Tourists approach an iceberg on a raft in a harbor inlet in Greenland. Photos by Mike Peters/China Daily 

After a serene voyage highlighted by glaciers and whale sightings, Greenland's capital of Nuuk offers surprisingly civilized charms, Mike Peters discovers.

Somebody on this cruise ship has a gun.

He didn't sneak through the airport-style security at the ship's gangplank when we boarded.

He's part of the crew, a sort of game warden who was on this Arctic cruise ship's earlier leg, which passed through the polar-bear habitats of northern Norway.

His job in remote ports along the Arctic Circle is both to protect shore-going passengers from polar bears and vice-versa.

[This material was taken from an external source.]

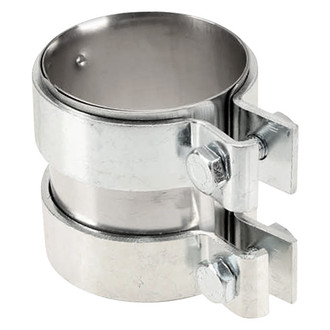 HJS® - Muffler Clamp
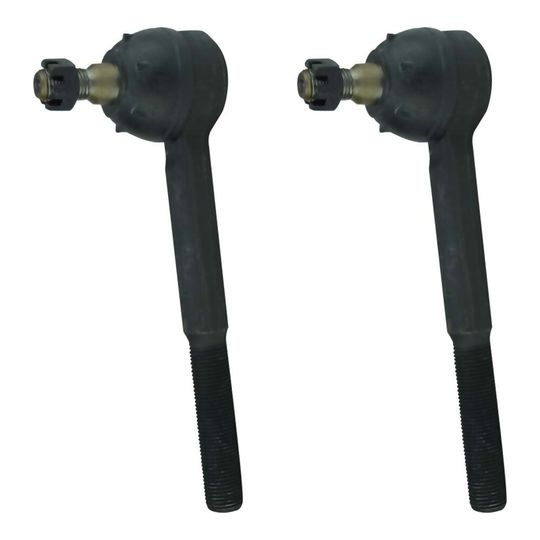 master-ride-par-de-terminales-interiores-delanteras-ford-crown-victoria-1992-2002-crown-victoria-v8-4-6l-0 master-ride-par-de-terminales-interiores-delanteras-ford-crown-victoria-1992-2002-crown-victoria-v8-4-6l-0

At this point of our cruise, which began aboard the Silversea Explorer at Reykjavik, Iceland, we have swept along Greenland's southern coast, where the odds of seeing a polar bear are very remote-especially in summer. The wildlife sightings that lure passengers to the rails are less fearsome: whales, reindeer and seals.

The ranger's gun is behind the bar.

This morning, after several days of stops at tiny villages and a Viking ruin, we've landed at Greenland's capital, Nuuk. The population is 16,000; since there are only 53,000 people in the whole country, it's a big city.

Our guide in the city is named Salik, but he really wants us to think of him as an average Joe.

"Life for me is like that of a city dweller anywhere," he insists.

In many ways, this picturesque city itself is eager to be typical of the modern world. There are grocery stores, offices and coffeehouses. The fine-dining restaurant, Sarfalik, starts its set-menu dinner with an amuse-bouche of foie gras with gooseberry and arugula leaf on a small lava rock.

However, the hunter-gatherer life of the native community is never far below the surface.